The development progress of axially RHPs has been reviewed by [13], while the research progress of the RRHP was only briefly introduced in the same work. The primary object of the present contribution is, therefore, to critically review the state-of-the-art research literature addressing the development and design of the RRHP, including experimental and modeling studies on heat transfer, operational limits, and the effect of rotation, with a view to assessing the feasibility and potential applicability of the RRHP for gas turbine cooling.

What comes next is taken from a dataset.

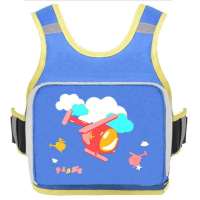 电动车儿童安全带摩托车出行调节带宝宝防摔带保护固定带透气1-12 蓝飞机（便携式可收纳）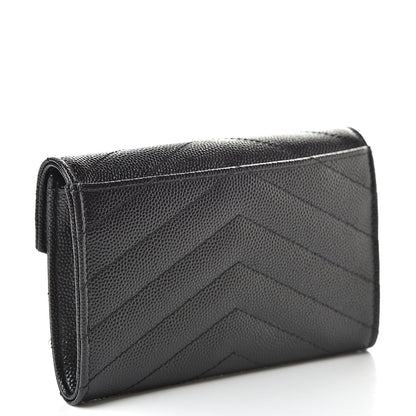 Saint Laurent Grain De Poudre Matelasse Chevron Small Monogram Envelope Wallet Black 3 of 7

2. Heat Pipes with Radial Fluid Recirculation

Up to now, a variety of RRHPs has been proposed for various applications. One simple arrangement is the conventional straight RRHP. As shown in Figure 1a, such an RRHP is similar to a gravity-assisted closed two-phase thermosyphon, but with the evaporator section now located at the outer radial end of the pipe and the rotational forces helping to return the condensate along the wall of the cylinder. The same three-phase change mechanisms found in the gravity-assisted two-phase closed thermosyphon are expected to be presented in the RRHP, namely, condensation along the wall of the condenser section and surface evaporation and boiling in the evaporator section. The wall condensation in the condenser has been widely modeled as film condensation; therefore, the film thickness and temperature drop across the film are key factors concerning the condenser heat transfer [14]. Compared to the gravity-assisted thermosyphon, the liquid film may be thinner and more non-uniform in an RRHP due to the effects of rotational forces.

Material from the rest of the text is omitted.